1. Not enough resources on web
2. Hit productivity of team, when struck with a technical/design issue
3. Unavailability of training material hurt training new employees
Just like any application/scripting language, there is potential of not using the application optimally, I really believe lack of proper training and open discussion has hit Ab Initio developers really hard, where they missing and still groping in dark having following set of problems
1. No Access or standard set of best practices. Organisation tend to have their own best practices if any and under tough external review generally these will fall much short of best
2. Missing Input from other communities having parallel functionalities and smaller developer pool restricts better ideas/inputs
Though Ab Initio provides training for users (costumers), but it does not cover each and every aspect of Ab Initio and advanced training comes with a cost,
Ab Initio provide support to their customers, it is of decent quality, but it takes generally long turnaround time
Performance –
I left this topic at end, as this is the reason Ab Initio is used
For massive data processing, where time is of essence and performance and through put is critical, Ab Initio stands head and shoulder above others.

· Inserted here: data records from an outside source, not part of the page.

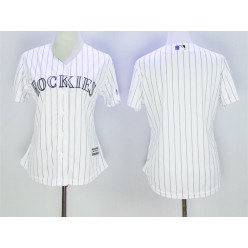MLB Colorado Rockies Blank White Home Stitched Majestic Cool Base Women Jersey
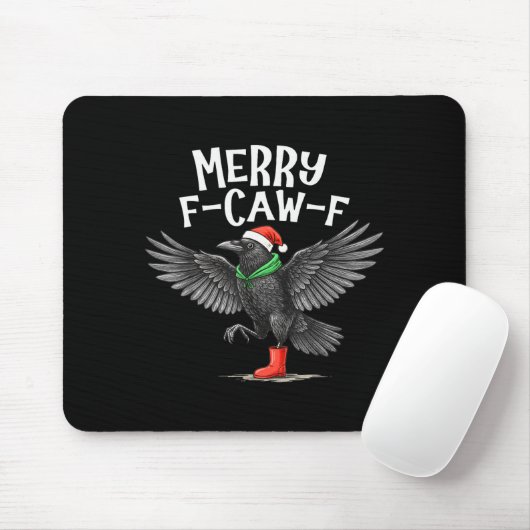 F-caw-f Merry Christmas Funny Crow Raven  Mousepad (Mit Mouse)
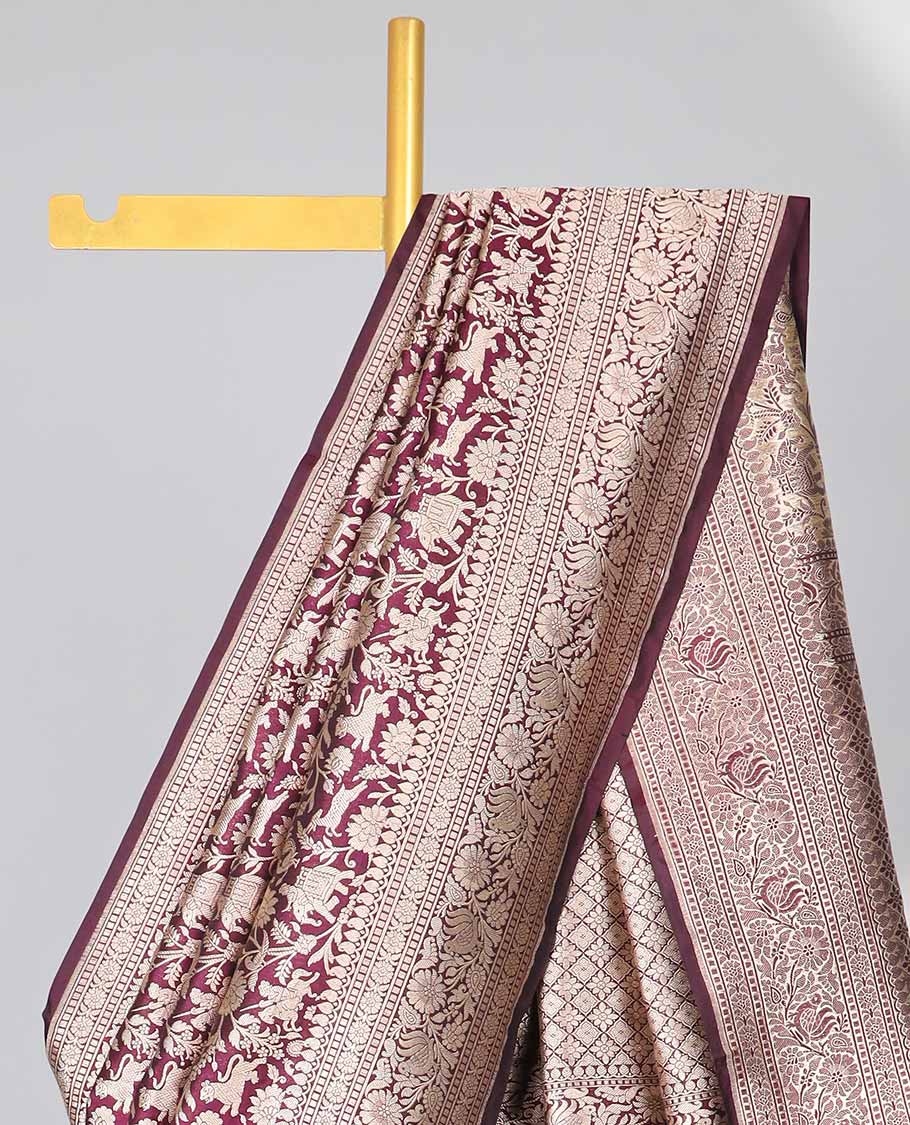 Red floral jacquard banaras silk saree with self intricate zari border & argyle pattern pallu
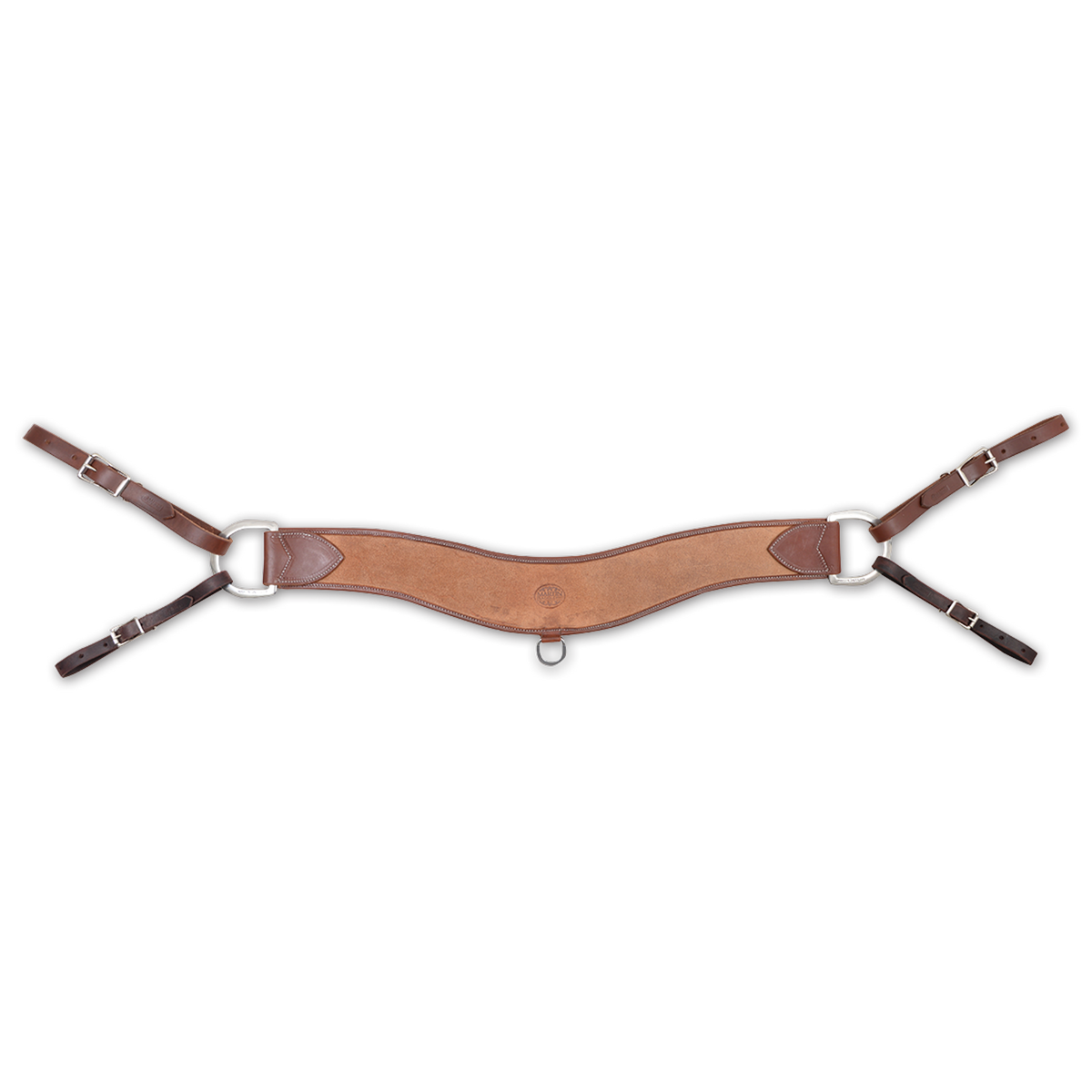 Natural roughout steer roper breastcollar from Martin Saddlery, seen from the front. The 4-inch contoured strap has dark leather tabs at each end, a small ring at the center, and rings with buckled tug straps at both sides.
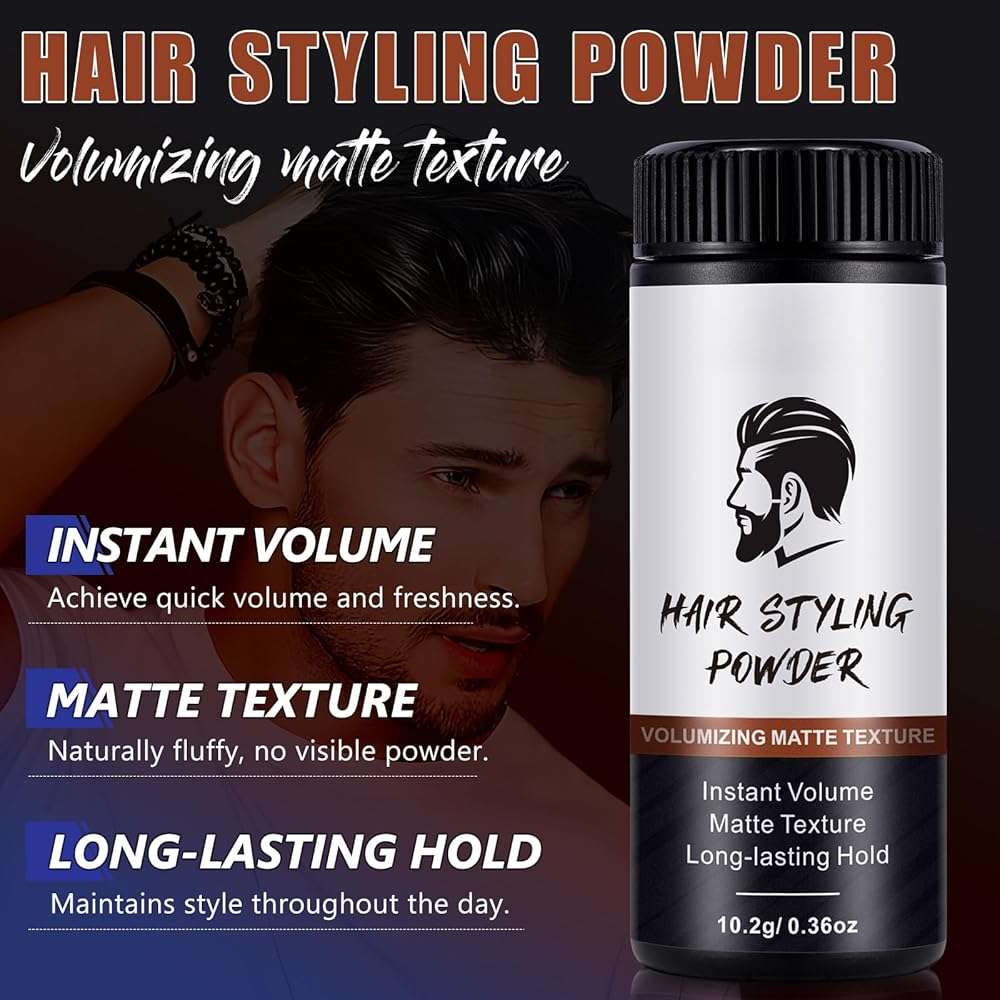 ISUNRISE Hair Styling Powder for Men & Women - Texture Powder - Easy to Apply - Natural Matte Hairstyle - Texturizing and Volumizing - 2 Pc Set, 10g - Image 3
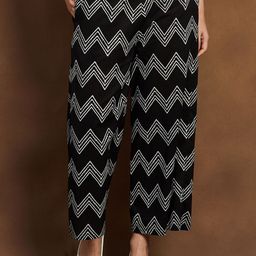 Melange by Lifestyle Women Printed Straight Fit Cotton Parallel Trousers-picture-6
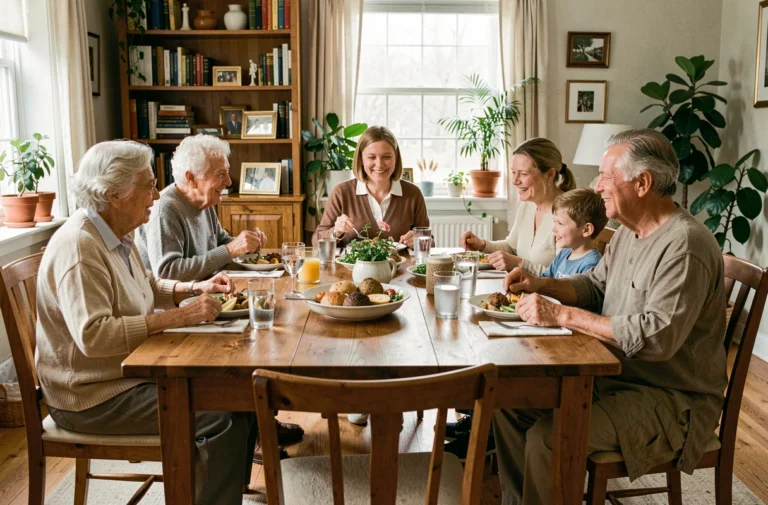 Famille multigénérationnelle réunie autour d'un repas, illustrant les valeurs de solidarité et de cohésion familiale défendues par la branche famille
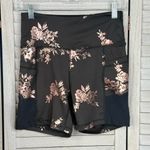 Sommer Ray  Activewear Set Bike Shorts/Sports Bra Black/Rose Gold Floral-Med & Lg Photo 3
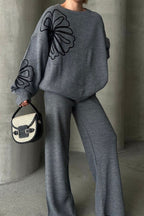 Casual Round Neck Knit Sweater with Pants Two Piece Set image 6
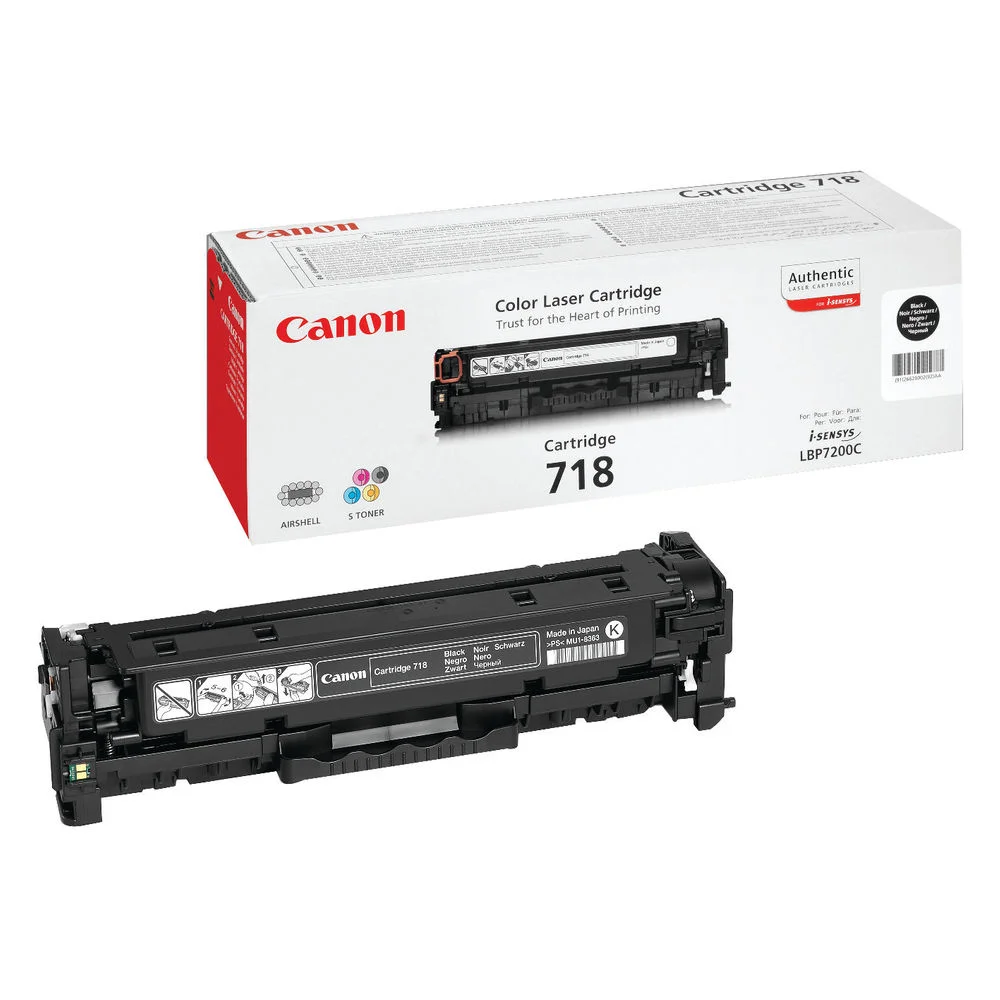 Cartucho de T&oacute;ner Canon 718 Bk Listo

1. Massively parallel Architecture
a. Available data can be split and processed in parallel giving it huge processing advantage.
b. Theoretically, it is possible to design a system using Ab Initio architect where any additional processing power can be achieved by adding additional resources in parallel, thus allowing any scale-up easy and possible
2. Innovative component
a. Ab Initio components like compressed indexed files and similar gives Ab initio an edge when dealing with huge dataset. Though this concept is not unheard of, in past, but Ab Initio implemented it successfully.
b. Some new scripting features known as PDL (Program definition Language) in Ab Initio allows flexibility, which is quite well received by Ab Initio developers and not easily available in other ETL tools.
c. Personal perception: Ab Initio has put some effort in component design taking care of small issues like memory management/memory foot print. Though these are not critical essentially, but in time critical system, these provide an edge.